WHAT IS REQUIRED:
In the records below, find the line containing "The Source Jeu" and the line containing "Call of Duty"; please repeat exactly the lines from one to the other, both included, and nothing more.

Segment Start: PROVIDED RECORDS

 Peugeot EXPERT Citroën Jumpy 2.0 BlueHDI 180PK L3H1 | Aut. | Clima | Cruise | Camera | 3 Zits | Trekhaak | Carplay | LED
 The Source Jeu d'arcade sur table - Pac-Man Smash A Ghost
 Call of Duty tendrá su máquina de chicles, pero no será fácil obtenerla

Segment End: PROVIDED RECORDS
Segment Start: PROVIDED RECORDS

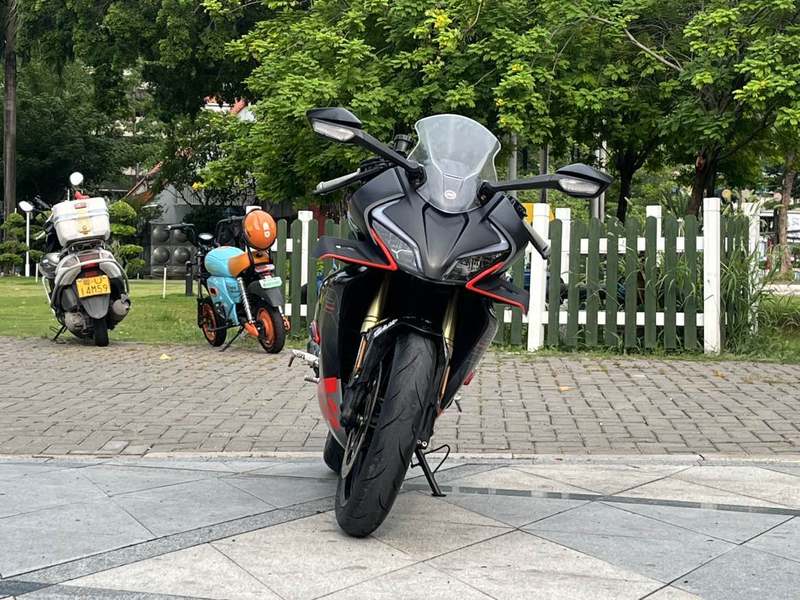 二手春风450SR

Segment End: PROVIDED RECORDS

EXERCISE RESULT:
 The Source Jeu d'arcade sur table - Pac-Man Smash A Ghost
 Call of Duty tendrá su máquina de chicles, pero no será fácil obtenerla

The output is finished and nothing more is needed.